Thank you so much for all the votes for the Southwest contest! I did make it into the top 10 which means I should be getting a phone interview. Now I just wait to hear from them. I'll feel anxious about it until I've got the interview penciled in and then I'll feel anxious that I'll still be the snuffling snot zombie and then I'll feel SO NERVOUS about what to say. That's the next project.

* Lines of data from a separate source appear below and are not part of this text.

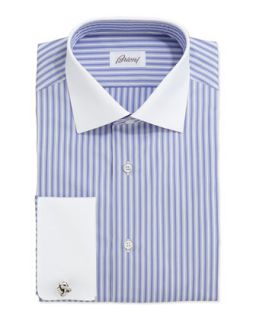 Mens Contrast Collar Striped Dress Shirt, Periwinkle/White   Brioni   Blue (15
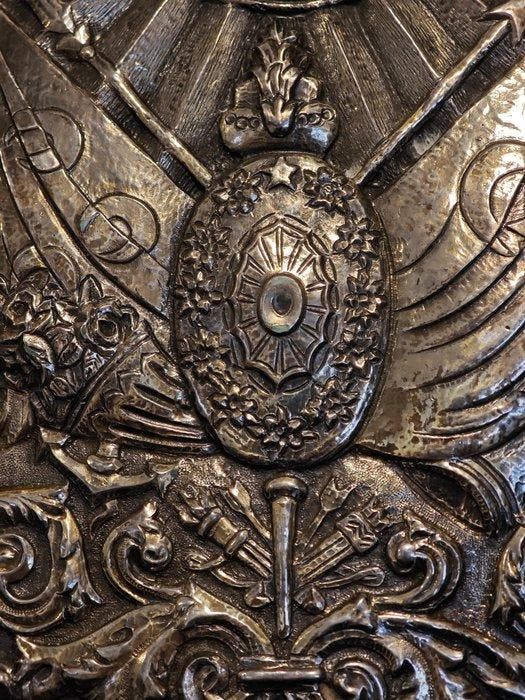 Spiegel - .980 zilver - Tughra Mirror, Antiek en Kunst, Kunst | Niet-Westerse kunst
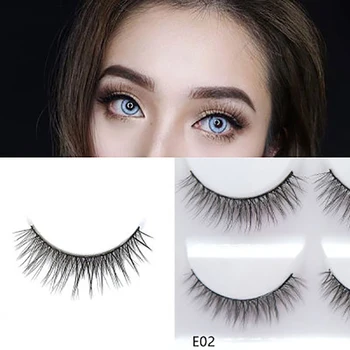 

3D Natural Thick False Eyelashes E-Series Semi-manual Artificial Eyelashes 5 Pairs Multiple Styles Available
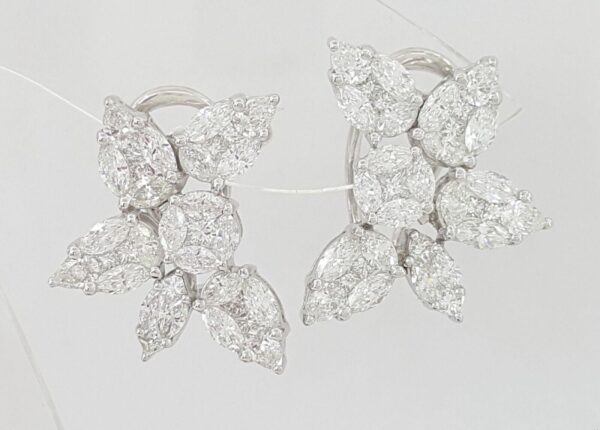 Marquise Pear Princess Diamond Cluster Flower 4 ct 18k White Gold Earrings 12k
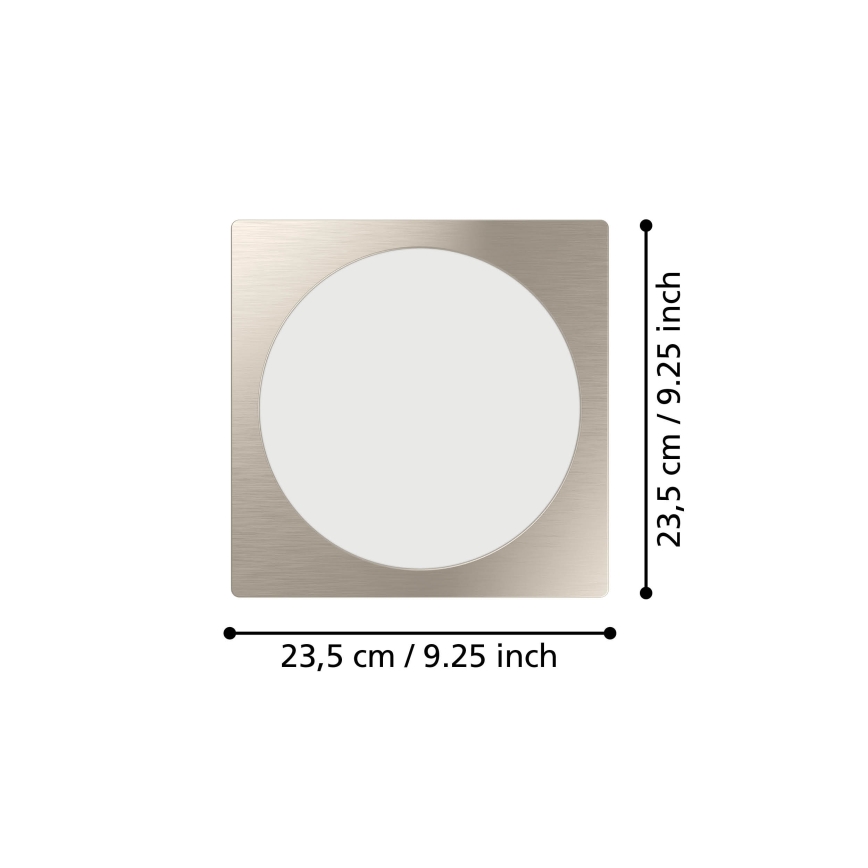 Eglo - upotettava LED-kattovalaisin LED/18,5W/230V 2700/4000/6500K 21,6x21,6 cm mattakromi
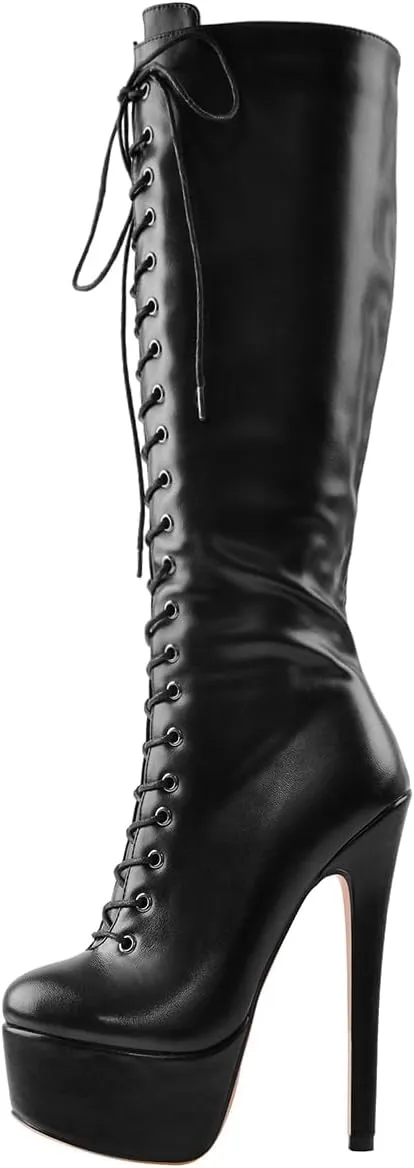 Women's Over The Knee Pull On Buckle Stiletto Heeled Lace Up Boots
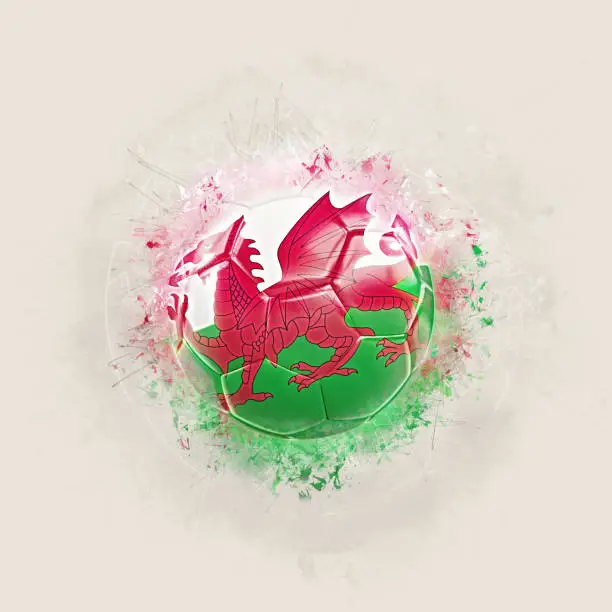 Photo of Grunge football with flag of wales
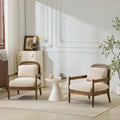 [Set of 2] 26.6' Mid-Century Modern Accent Chair with Light Brown Finish Solid Wood Frame and Rattan Backrest, Beige Cushion with Striped Fabric, Comfy Armchairs for Living Room, Bedroom, Reading Nook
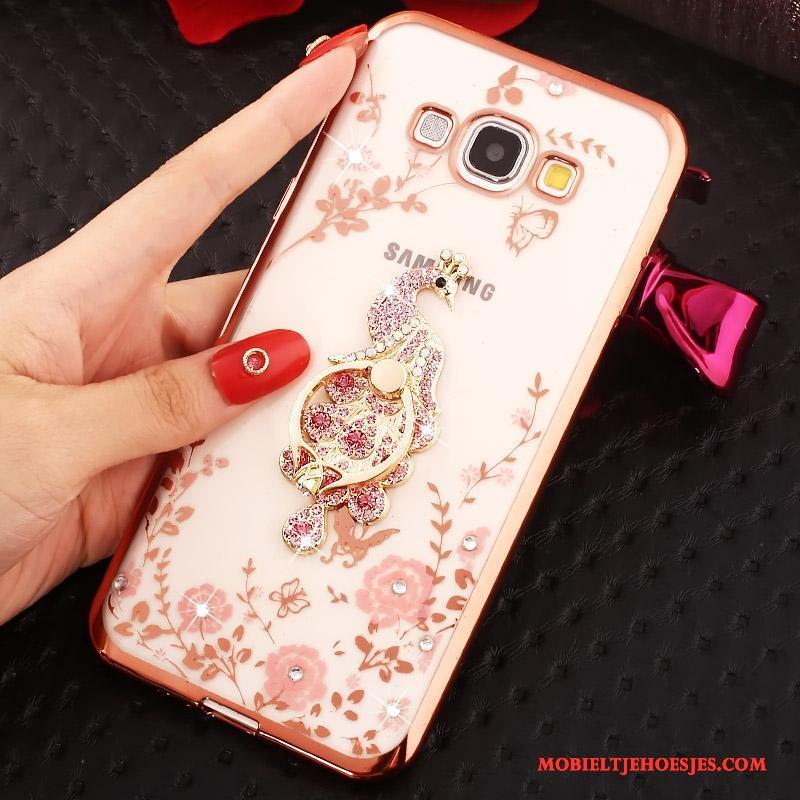 Samsung Galaxy A8 Ring Hoes Hoesje Telefoon Met Strass Ster Goud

For now, I'm trying to talk myself into drinking lots of fluids. The not-fun kinds like water. Boo hoo.

August 27, 2008

Vote for me!

I have submitted a video application for the Southwest Airlines Blog-o-spondant. It's a really cool blogging gig and I really, really want it. I kind of think it's perfect for me, too.

Here's the embed video:


But head on over HERE!
to vote!

Check out the other videos, too. There are some funny ones (and you can vote for more than one, so click away).

August 26, 2008

Unbelievably Delicious

uncrustable.jpg
Have you guys tried Uncrustables? This is like my new favorite all-time snack. I can't stop thinking about them. We went out for fancy Italian food tonight, and it was really good, but I love these things so much I think I would have enjoyed an Uncrustable just as much. It's kind of like a donut, and kind of like the best part of white bread, and there is no worries about jelly spillage or too much peanut butter. It is factory manufactured perfection. And, it's vegan so it's not even that bad for you (right?). This is the new Ramen Noodles, I swear. Mmmmmmm.

August 25, 2008

This is not my life.

Remember that one time some whore named ~+Honey+~ posted my phone number on her erotic services ad on Craigslist?

That was fun when all the perverts called me.

Upside, at least it was just a phone girl and not something worse. AND, I got these stellar voicemails:

August 24, 2008

I need four day weekends.

This weekend was a big celebration of nothing to do, yay! I slept in Saturday morning, and sort of cleaned my room which turned more into a feng shui-ing event. So now the furniture is in new places and it still looks like I just moved in. Someday, the paint in my garage for my walls will be used.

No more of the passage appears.